Namun kini setelah dua dekade petani
kita masih miskin, jauh dari sejahtera. Dari kondisi ini sudah sepatutnya
muncul semangat bahwa upaya penyuluhan pertanian juga dapat mengubah wajah SDM
pertanian di Indonesia saat ini dan kedepan membawa Indonesia berswasembada
beras. Kurangnya jumlah penyuluh di Indonesia merupakan salah satu penyebab
para petani kurang mampu memecahkan berbagai masalahnya. Oleh karena itu
pemerintah harus memulai lagi memperhatikan para penyuluh pertanian. Salah satu
solusinya adalah meningkatkan jumlah penyuluh pertanian yang berkompeten
melalui lulusan Sekolah Tinggi Penyuluh Pertanian (STPP).

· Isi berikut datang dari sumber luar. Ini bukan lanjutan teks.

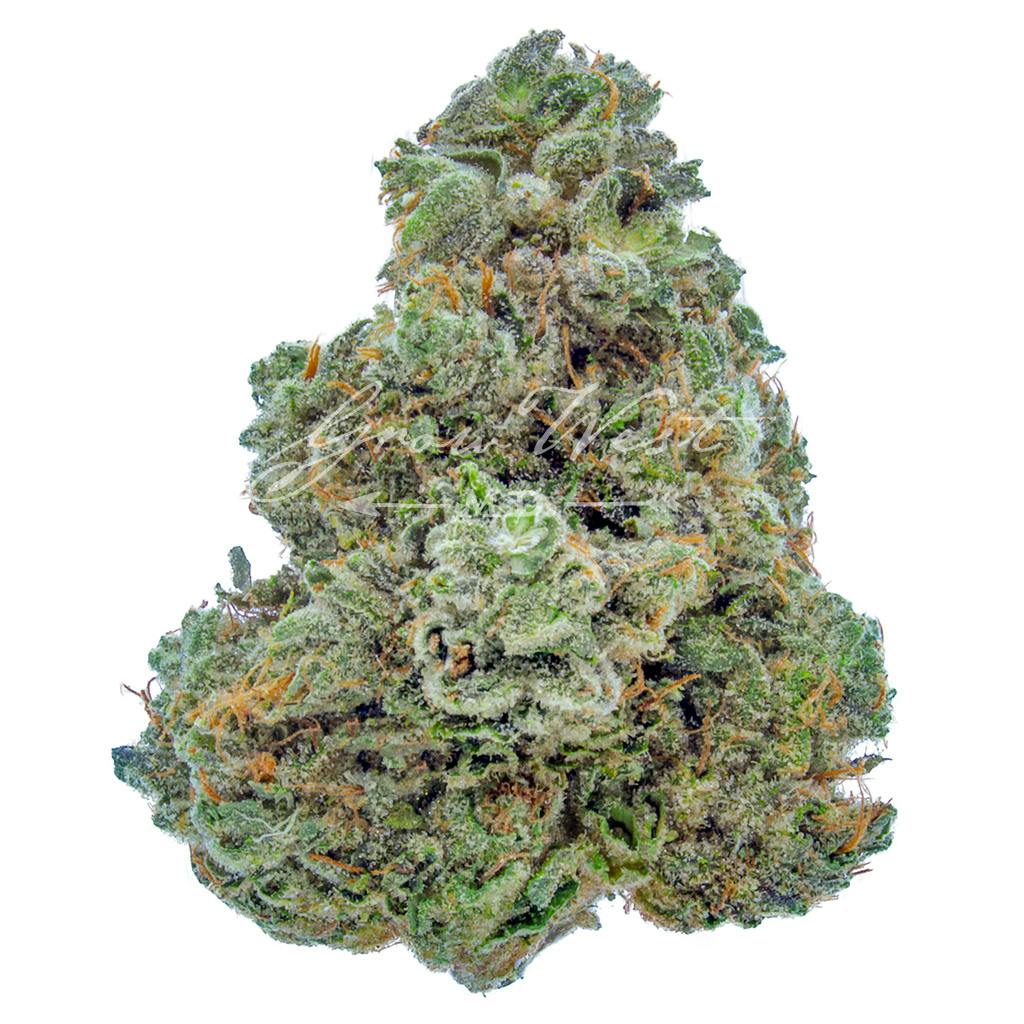 Triangle Kush | Gold | Trimmed | 3.5g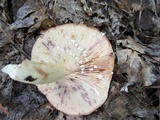 Lactarius pallescens image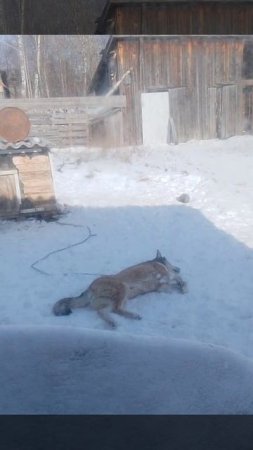 Помер бобик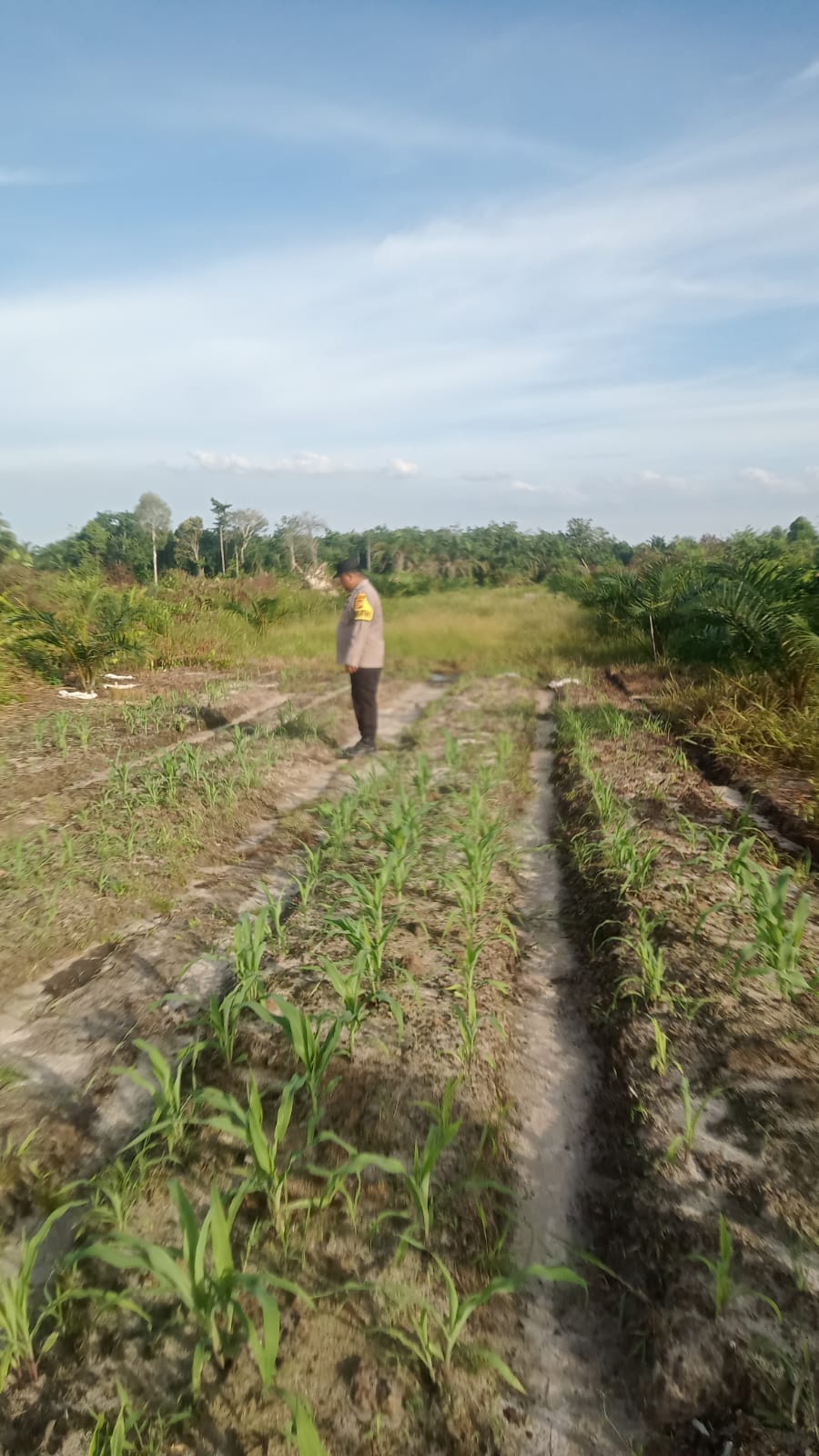 Polsek Minas Lakukan Pengecekan Perkembangan Jagung Pipil di Lahan Ketahanan Pangan Kampung Mandiangin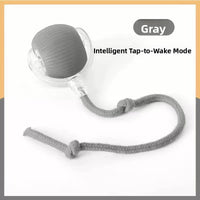 Electric pet toys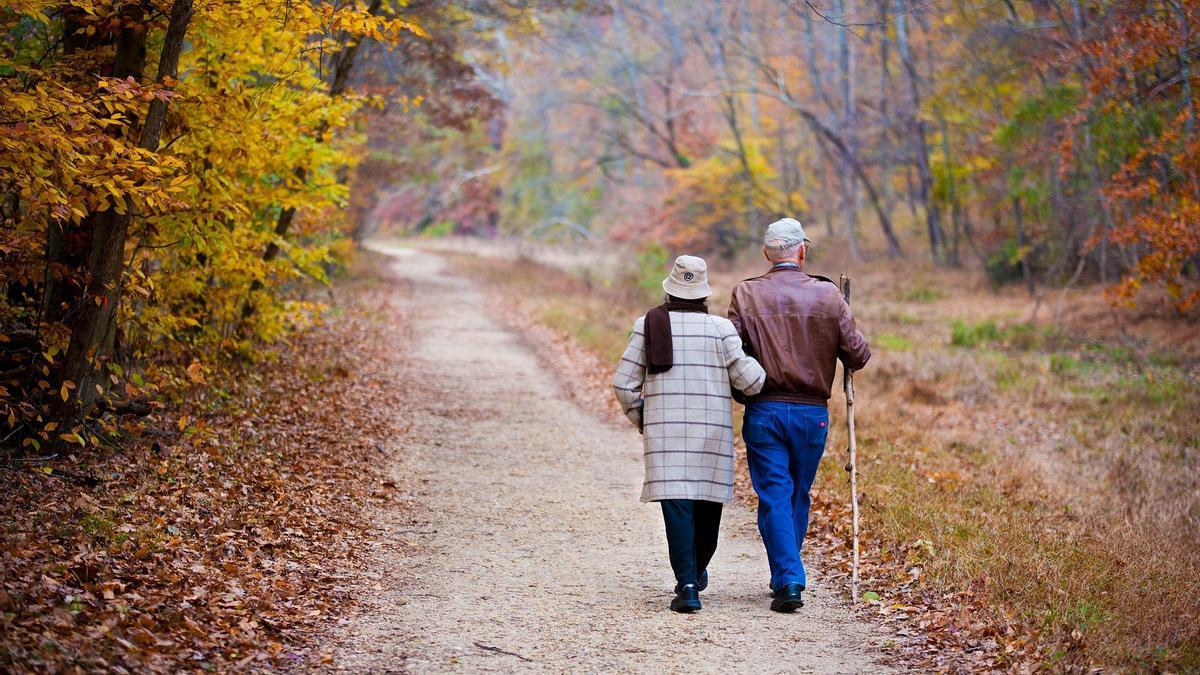 Una pareja de ancianos disfrutan de un paseo durante el otoño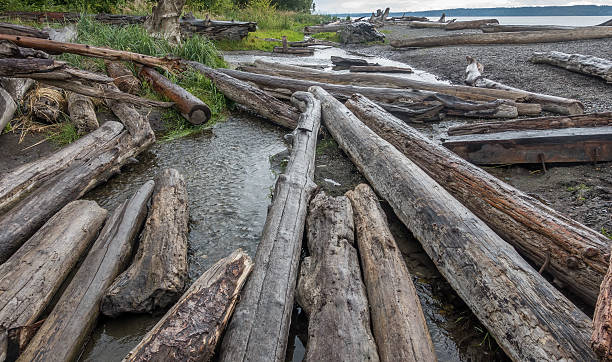 Closeup shot of driftwood logs along the shore at Seahurst Beach in Burien, Washington.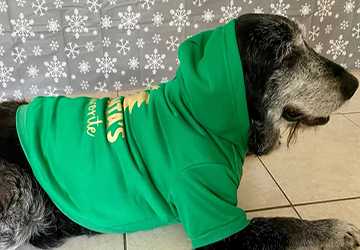 The Best Seasonal Outfits For Your Pet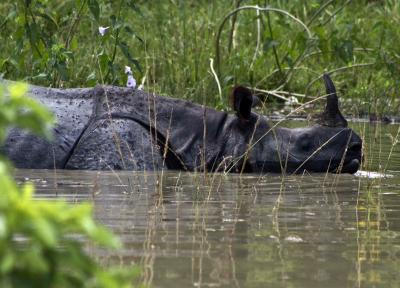 One-horned rhino killed by poachers in Assam’s Kaziranga National Park | One-horned rhino killed by poachers in Assam’s Kaziranga National Park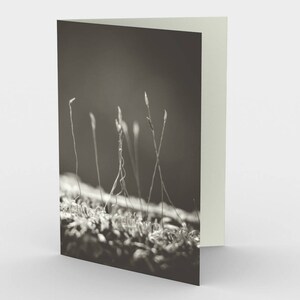 Carte De mousse éthérée, cartes de note vierges, cartes de note de nature, cartes de vœux, trois cartes de note, 5x7 cartes, carte Blanche Nature, toutes les cartes Occasion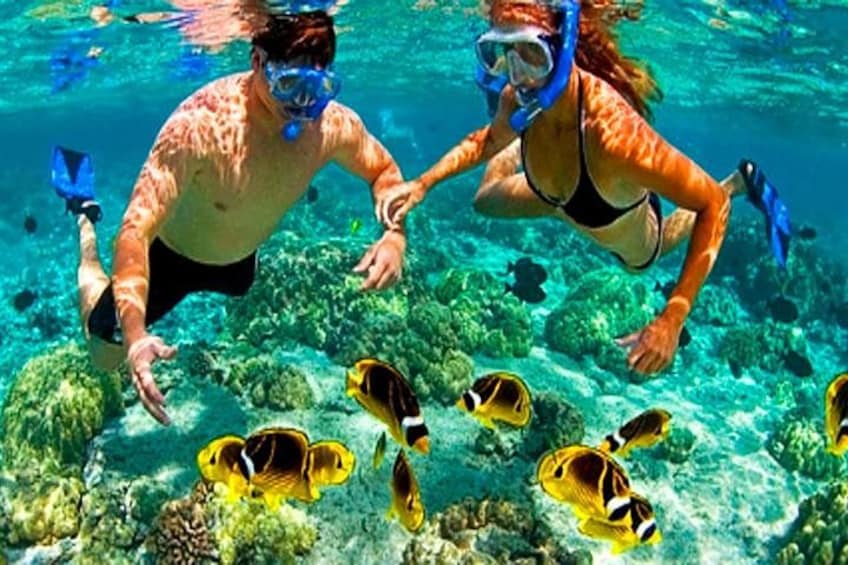 Två personer som snorklar under vattnet och tittar på fiskar. 2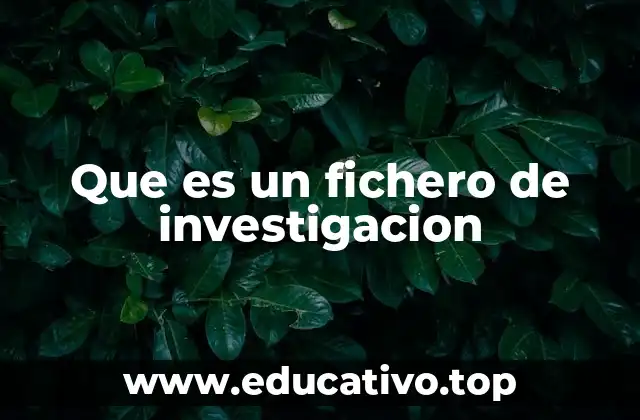 Que es un fichero de investigacion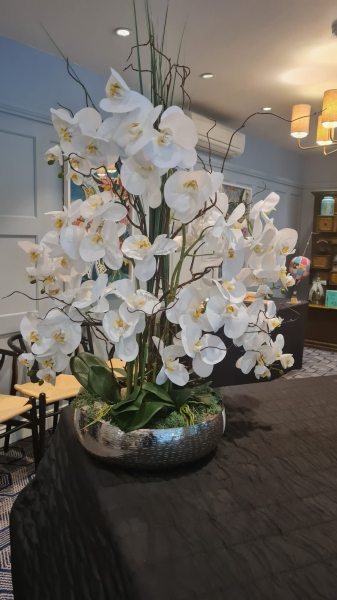 Silk real touch orchids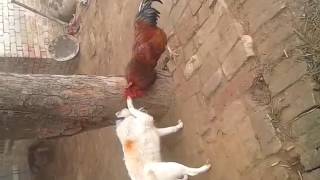 Dog fighting with cock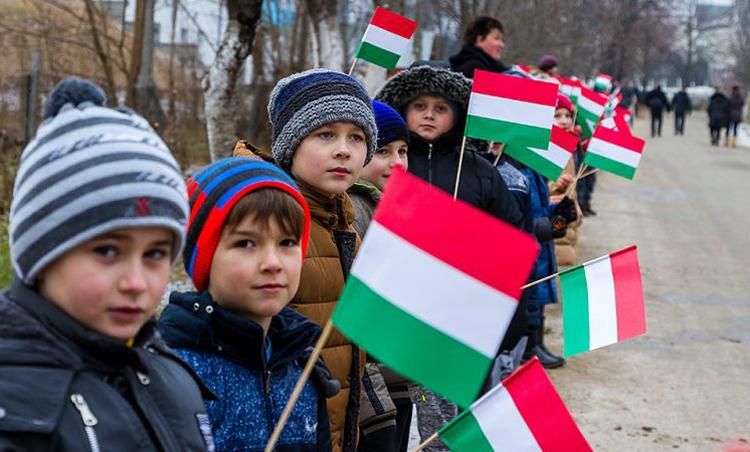 Венгрия выделила кругленькую сумму на образование Закарпатья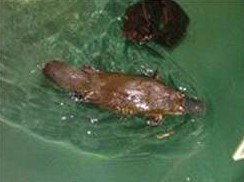 Platypus House - Surfers Gold Coast 0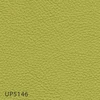 UP5146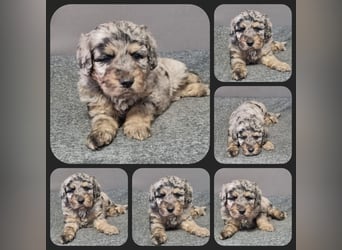 Australiandoodle - Traumwelpen aus langjähriger Familienaufzucht. KEINE Arbeitslinie.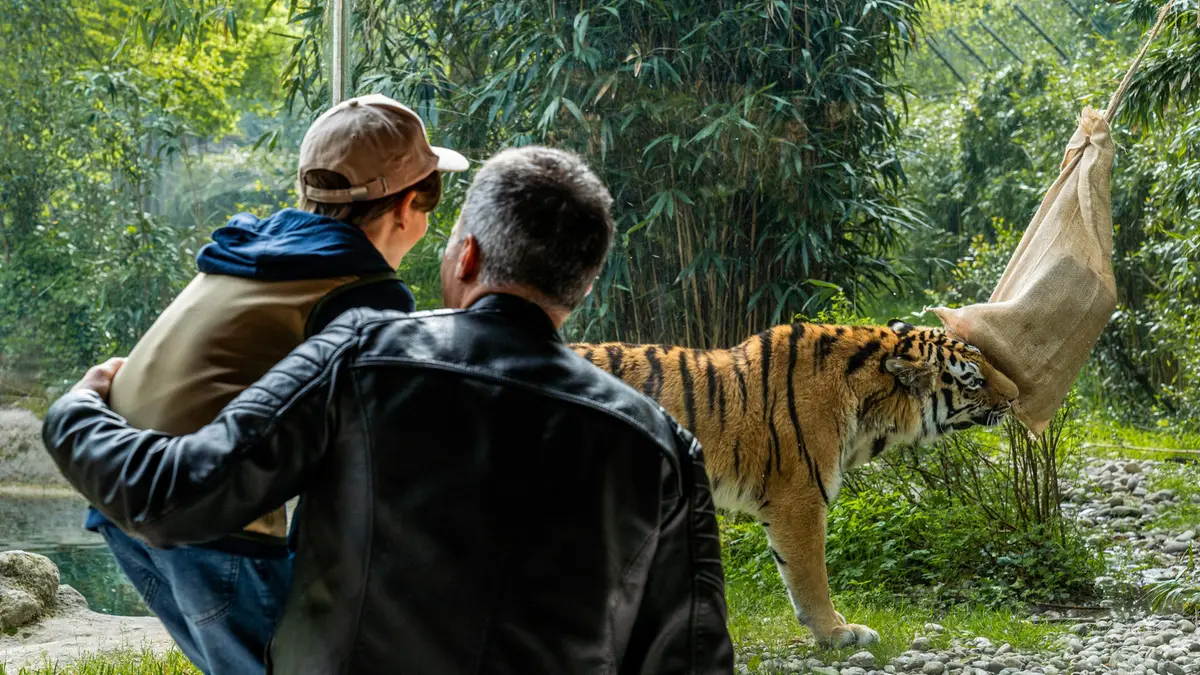 Non solo animali da vedere ma anche progetti di studio e difesa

Kemudian peran Dinas
Pertanian tiap daerah juga sangat diperlukan dalam menciptakan
penyuluh-penyuluh pertanian,dengan jumlah yang memadai dan kemampuan yang baik.
Berdasarkan beberapa pendapat ahli
pertanian, salah satu kunci swasembada beras adalah harus terjadi revolusi
dalam dunia peyuluhan di Indonesia. Para Penyuluh Pertanian masa depan harus
mampu mengantisipasi perubahan IPTEK pertanian, dengan kapasitas dan
kapabilitas memadai. Selain itu jumlah penyuluh pertanian yang mencukupi setiap
aerah di Indonesia, diyakini dapat mempercepat program swasembada beras.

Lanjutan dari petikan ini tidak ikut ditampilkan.